Here, Reitman is hoping to wring chuckles from her own personal experience as a young mother, and that of so many other women rarely discussed. "I had the full shebang, including post-partum depression. There's a slew of things that we're hoping will help people laugh at things that are real to women," Reitman said.
The trick CBC seems to be getting better at is airing more buzz-worthy shows that grab bigger TV audiences, stream more online and travel well internationally for indie producers looking for an upside. "It feels to me like the CBC is lining up with the very appealing television that you're seeing on over-the-top, Netflix series, and premium cable series," said John Murray, vice president and supervising producer at Insight Productions, which has a half-hour drama adaptation of Lisa Gabriele's novel Tempting Faith DiNapoli parked at the CBC.

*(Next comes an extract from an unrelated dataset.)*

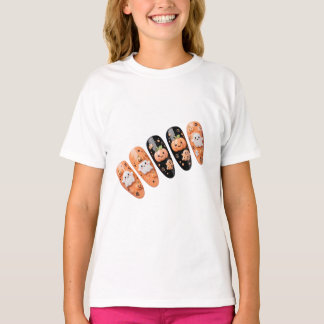 Camiseta Unhas de Halloween Preto Laranja - Fantasma Abóbor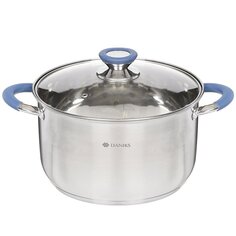 Кастрюля нержавеющая сталь, 6.5 л, с крышкой, крышка стекло, Daniks, Сиена, SD-A93-24, индукция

The coming-of-age story of a broke and scrappy mother and her daughter, Faith, in the recession-buffeted early 1980s in Windsor, Ontario.
"It's kind of Angela's Ashes set in Windsor. It's about an Italian Catholic family trying to make it through difficult economic times, and very character driven," Murray explained.
Filmmakers are embracing a CBC that, despite deep budget cuts (although the new federal government has promised a $150 million boost), is doing more serialized series with deeply flawed characters and the intricate plots that have set cable networks like AMC and FX and streamers like Netflix and Amazon apart from competitors.
We bet this will all be top of mind for many at CMPA Prime Time in Ottawa beginning Thursday at the Westin Hotel.